▶ [Task brief]:
The lines from the one containing "Circuit design Servo" through the last line below, both ends included, must be reproduced exactly, with no pictures.

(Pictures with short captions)
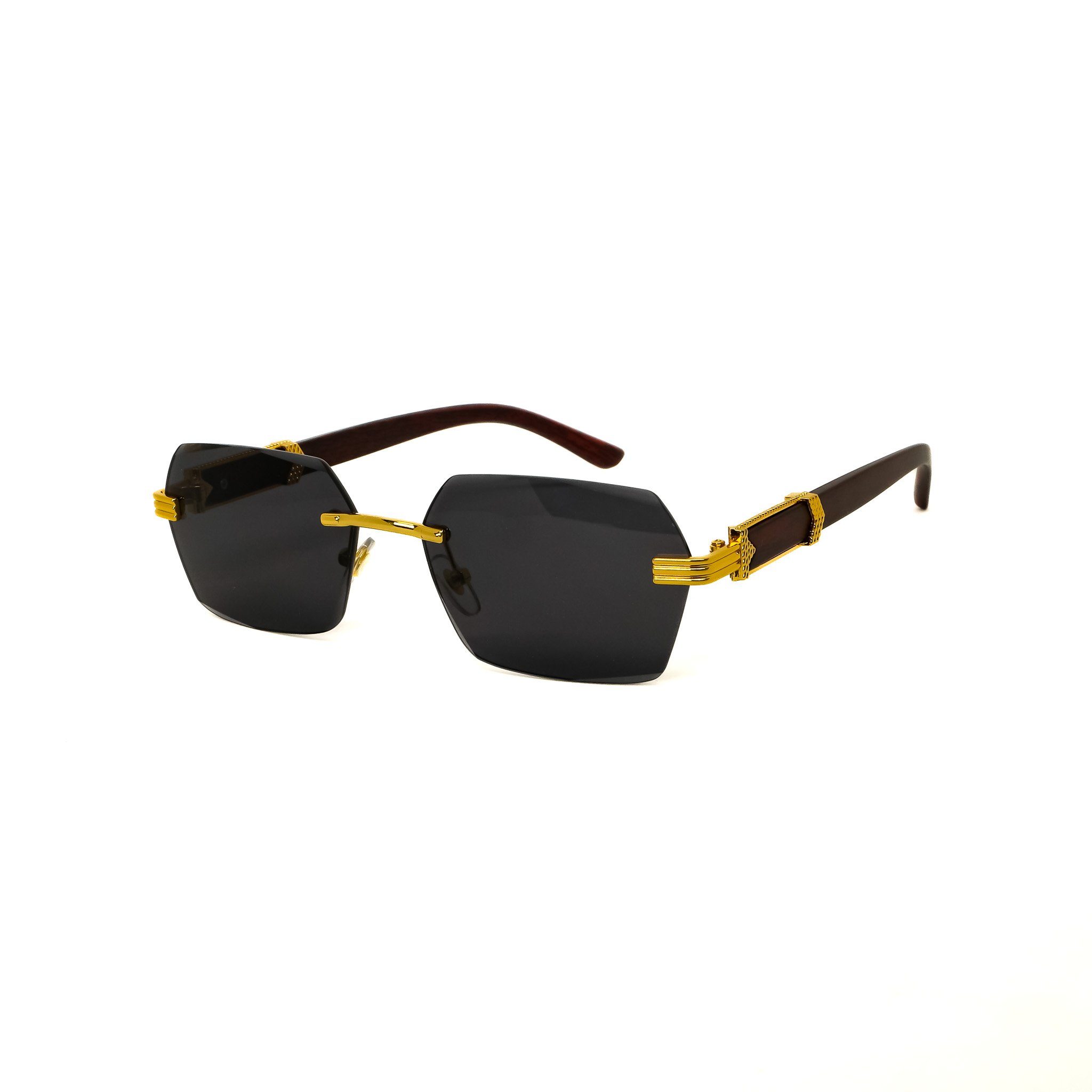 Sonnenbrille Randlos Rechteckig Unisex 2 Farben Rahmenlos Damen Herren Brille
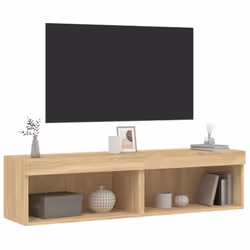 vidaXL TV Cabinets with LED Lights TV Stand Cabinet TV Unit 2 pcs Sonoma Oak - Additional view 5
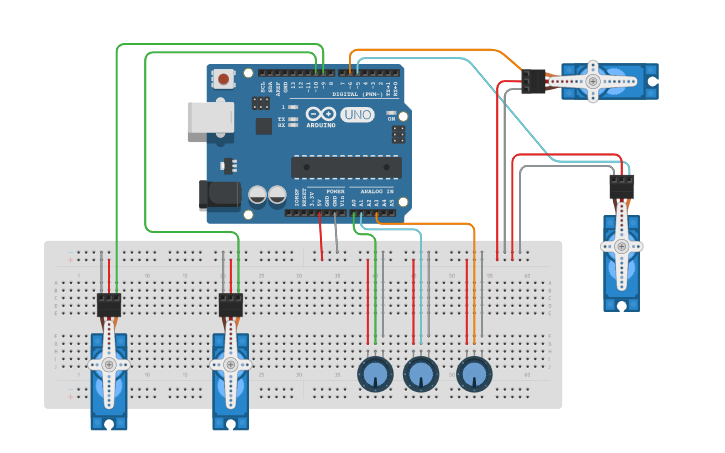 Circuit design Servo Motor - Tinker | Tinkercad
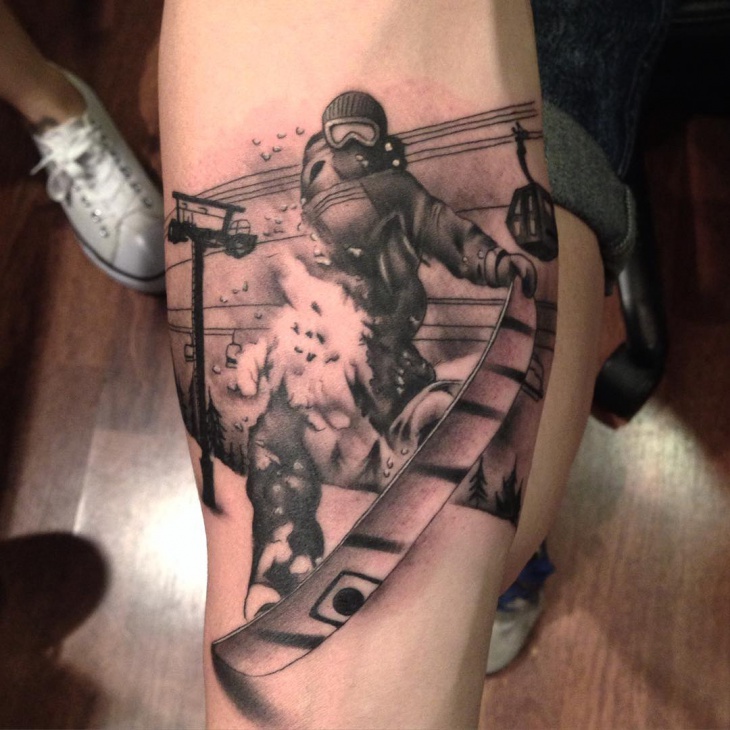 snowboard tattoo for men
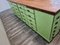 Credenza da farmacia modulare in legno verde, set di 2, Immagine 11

▶ [Written answer]:
 Circuit design Servo Motor - Tinker | Tinkercad
 snowboard tattoo for men
 Credenza da farmacia modulare in legno verde, set di 2, Immagine 11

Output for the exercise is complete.